Akiva Goldsman Interview: Star Trek Picard Season 2

Akiva Goldsman Interview: Star Trek Picard Season 2

With Star Trek: Picard season 2, producer and director Akiva Goldsman is planning to answer questions about Jean-Luc Picard (Patrick Stewart) that haven’t been answered in Star Trek: The Next Generation. With the return of Q (John de Lancie) and Guinan (Whoopi Goldberg), Star Trek: Picard season 2 launches Jean-Luc on a time travel adventure that depicts “the road not taken” by the legendary Starfleet Admiral.

Screen Rant spoke to Academy Award-winner Akiva Goldsman on how he and showrunner Terry Matalas plotted Picard’s new journey in season 2, which of Star Trek: Picard‘s new characters he enjoys writing for, and whether Picard season 3 is the definitive end of the series.

Screen Rant: Coming into Picard season 2, you’ve got a lot of TNG greatest hits: Q, Guinan, time travel, the Borg Queen (Annie Wersching). How did you approach putting season 2 together?

Avika Goldsman: Season 2 ultimately turns into ‘Picard looking into Picard.’ And so, in order to set those stakes, we needed some things that were unique. We needed Picard’s two deepest surviving relationships, which are Q and Guinan. So they gave us both emotional context and a couple of things that we really needed for storytelling.

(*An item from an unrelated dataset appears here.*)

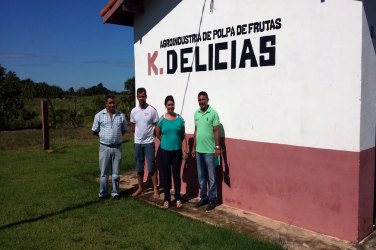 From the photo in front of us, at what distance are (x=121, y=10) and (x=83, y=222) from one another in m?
4.36

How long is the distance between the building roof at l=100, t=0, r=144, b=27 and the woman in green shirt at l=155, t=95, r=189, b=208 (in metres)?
2.47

Q can create a palate for us that can externalize [Picard’s] internal journey because he’s magic. Guinan can be someone that triggers a journey. Someone who knows Picard’s struggles and has cross-temporal awareness, which is required as we started to shift timelines. So the story kind of called out for them and we went for ’em.

Akiva Goldsman Interview: Star Trek Picard Season 2

Besides Picard and the legacy characters, who among the new characters did you really take to and enjoy writing for?

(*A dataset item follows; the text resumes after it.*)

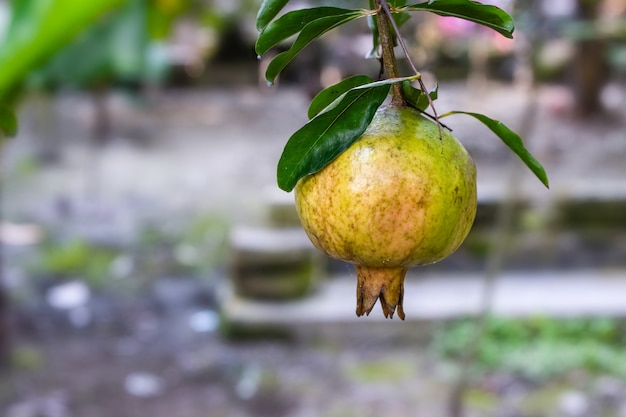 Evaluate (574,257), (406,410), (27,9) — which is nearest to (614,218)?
(574,257)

Akiva Goldsman: Honestly, I really dug all of them. It’s hard not to get a kick out of writing a speech for Alison Pill when she plays [Dr. Agnes] Jurati. That speech in [Picard] episode 2 where she’s sort of trying to talk her way out of having to call Seven [Jeri Ryan] ‘Seven.’ She just does this rant. They’re really fun to write because Alison can just say as many words as you can put on a page.

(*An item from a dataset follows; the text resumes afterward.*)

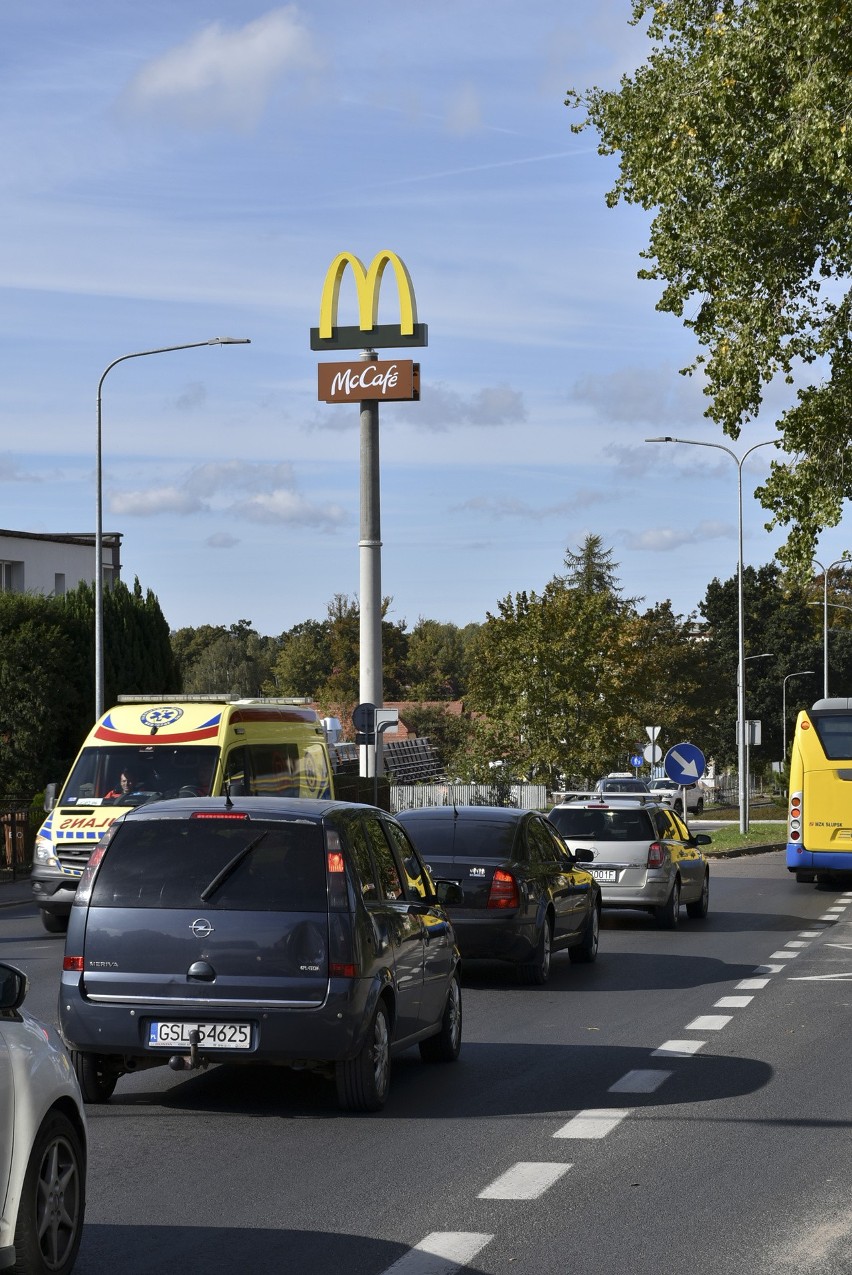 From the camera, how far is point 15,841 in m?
31.2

How did Q need to be different this time around?

Akiva Goldsman: We try always to have the characters show up not the way we last saw them. We want there to be the weight of history. Although Q’s life is not temporally linear, we still managed to create this idea that things have happened in his development that weren’t true when last we saw him. For us, that gives a kind of story weight.

Picard season 3 is nearly done shooting, I believe?

Akiva Goldsman: Yes.

Is that the definitive end?

Akiva Goldsman: It is today.

With someone like Picard, we know who he is and what he stands for. How do you approach such a defined character and what new facets are there still to discover about this man?

Akiva Goldsman: I think part of the joy of the show is finding exactly what those are? That’s what we tried to do in season 2. We looked at Picard’s life and said, “There seems to be an interesting absence of durable romantic connections.” What’s that about? Where does that come from? Ha ha, we said. Let’s figure it out.

Star Trek: Picard Season 2 premieres Thursday, March 3, on Paramount+.